3. L’urgence justifie que soit prononcée la suspension de l’exécution d’un acte administratif lorsque celle-ci porte atteinte, de manière suffisamment grave et immédiate, à un intérêt public, à la situation du requérant ou aux intérêts qu’il entend défendre. Il appartient au juge des référés d’apprécier concrètement, compte tenu des justifications fournies par le requérant, si les effets de l’acte contesté sont de nature à caractériser une urgence justifiant que, sans attendre le jugement de la requête au fond, l’exécution de la décision soit suspendue. L’urgence doit être appréciée objectivement et compte tenu de l’ensemble des circonstances de l’affaire.

4. Si M. et Mme D... soutiennent que leur fille poursuit son instruction dans la famille depuis la crise sanitaire de covid-19 survenue en 2019, que leur enfant a exprimé des craintes concernant son intégration dans un établissement scolaire sans y être préparée, ce qui peut conduire à une situation d’instabilité émotionnelle et psychique, ils n’assortissent leurs allégations d’aucune pièce justifiant de cette situation, alors qu’il ressort des pièces du dossier, notamment d’un rapport de contrôle de l’instruction en famille établi par les services de l’inspection académique des Hautes-Pyrénées du 3 juin 2025, que si l’instruction reçue par cet enfant permet sa progression vers l’acquisition, à l’issue de la scolarité obligatoire, des connaissances et compétences attendues, il est toutefois conseillé d’envisager sa rescolarisation, laquelle lui permettrait de développer tout son potentiel et de bénéficier d’une orientation réussie.
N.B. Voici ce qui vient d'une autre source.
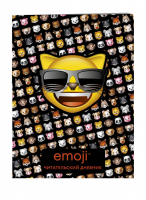 Эмодзи Читательский дневник (черный) | Сабанова - Вселенная Emoji - Эксмо - 9785040955145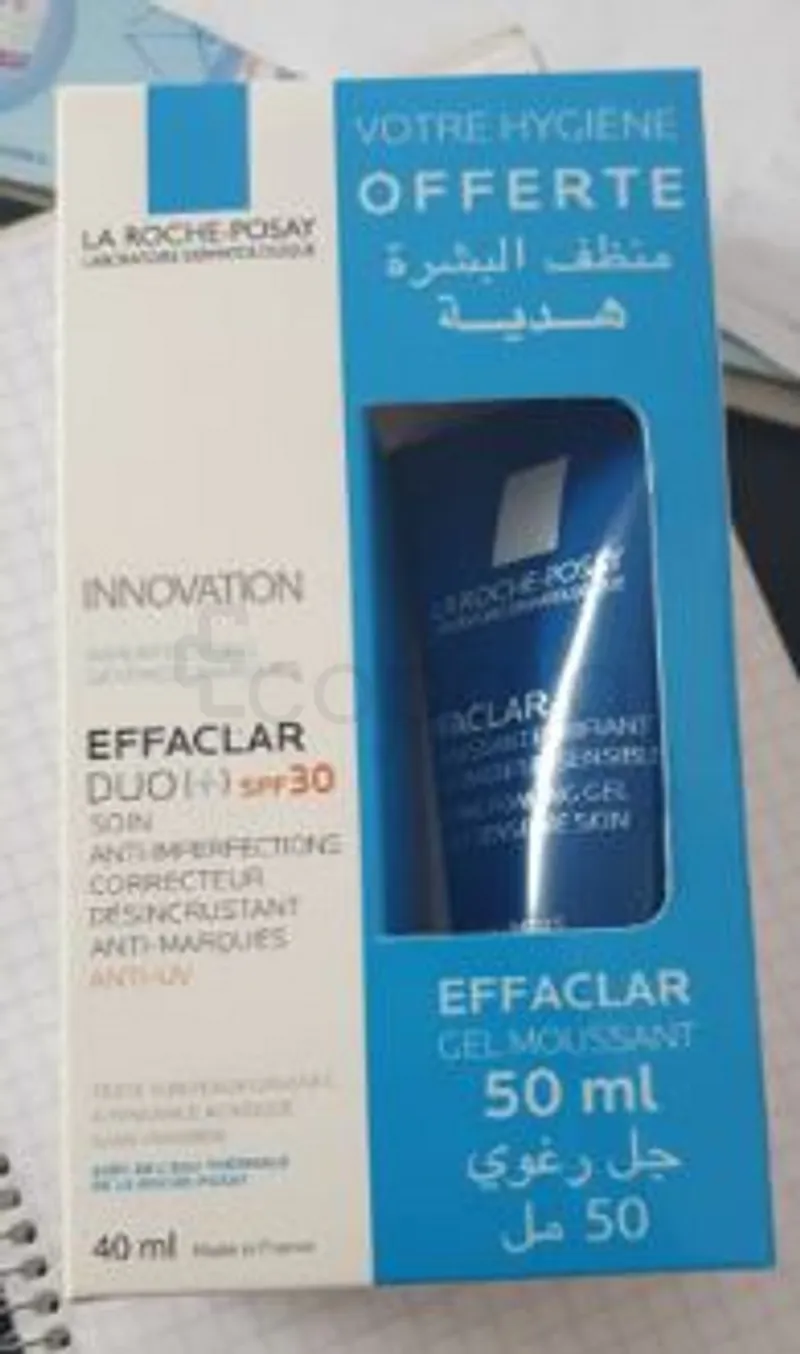 LA ROCHE POSAY EFFACLAR DUO+ SPF30 40ML + EFFACLAR GEL MOUSSANT 50ML OFFERT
Dès lors, les requérants ne justifient pas de l'existence d'une situation d'urgence, laquelle ne résulte pas davantage de la nature et de la portée de la décision attaquée. Par suite, les conclusions de la requête présentées sur le fondement de l’article L. 521-1 du code de justice administrative doivent être rejetées.

Sur les conclusions aux fins d’injonction :

5. La présente ordonnance, qui rejette les conclusions de la requête de M. et Mme D... présentées sur le fondement de l’article L. 521-1 du code de justice administrative, n’appelle aucune mesure d’exécution. Par suite, les conclusions aux fins d’injonction de cette même requête doivent également être rejetées.
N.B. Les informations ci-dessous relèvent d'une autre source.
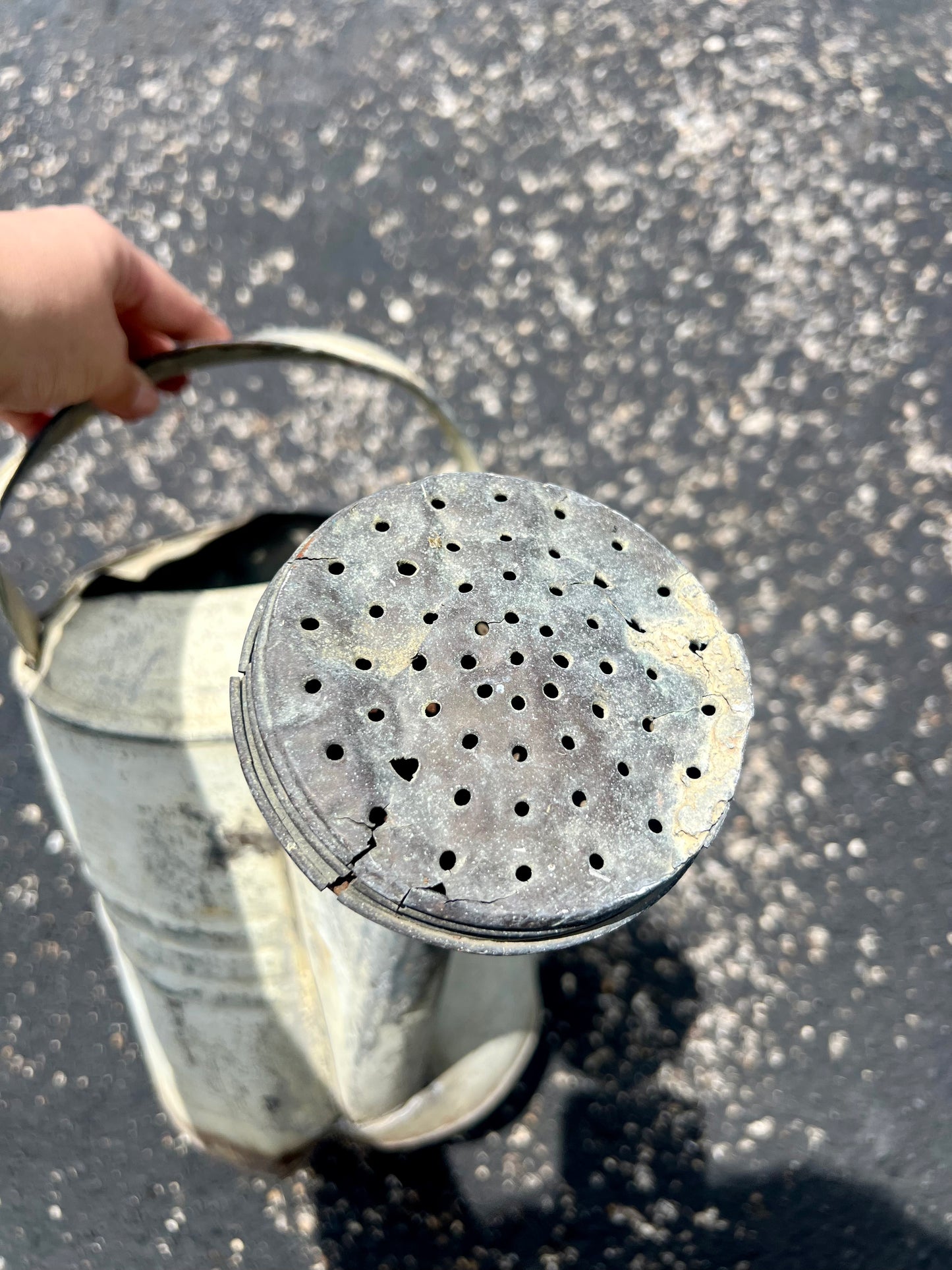 Vintage Galvanized Metal Watering Can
Sur les frais liés à l’instance :

6. Aux termes de l’article L. 761-1 du code de justice administrative : « Dans toutes les instances, le juge condamne la partie tenue aux dépens ou, à défaut, la partie perdante, à payer à l'autre partie la somme qu'il détermine, au titre des frais exposés et non compris dans les dépens. Les parties peuvent produire les justificatifs des sommes qu'elles demandent et le juge tient compte de l'équité ou de la situation économique de la partie condamnée. Il peut, même d'office, pour des raisons tirées des mêmes considérations, dire qu'il n'y a pas lieu à cette condamnation. ».

7. En vertu des dispositions de l'article L. 761-1 du code de justice administrative, le juge des référés ne peut pas faire bénéficier la partie tenue aux dépens ou la partie perdante du paiement par l'autre partie des frais qu'elle a exposés à l'occasion du litige soumis au juge. Les conclusions présentées à ce titre par M. et Mme D... doivent dès lors être rejetées.


O R D O N N E :

Article 1er : La requête de M. et Mme D... est rejetée.
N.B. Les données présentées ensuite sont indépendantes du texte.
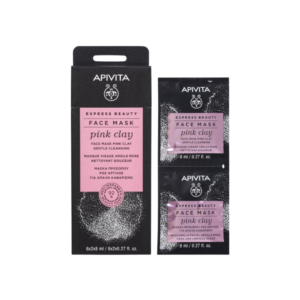 Apivita Express Beauty Face Mask Pink Clay 2x8ml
Article 2 : La présente ordonnance sera notifiée à M. C... D....



Fait à Pau, le 5 novembre 2025.



Le juge des référés,



F. DE SAINT-EXUPERY DE CASTILLON



La République mande et ordonne au ministre de l’éducation nationale en ce qui le concerne ou à tous commissaires de justice à ce requis en ce qui concerne les voies de droit commun contre les parties privées, de pourvoir à l’exécution de la présente ordonnance.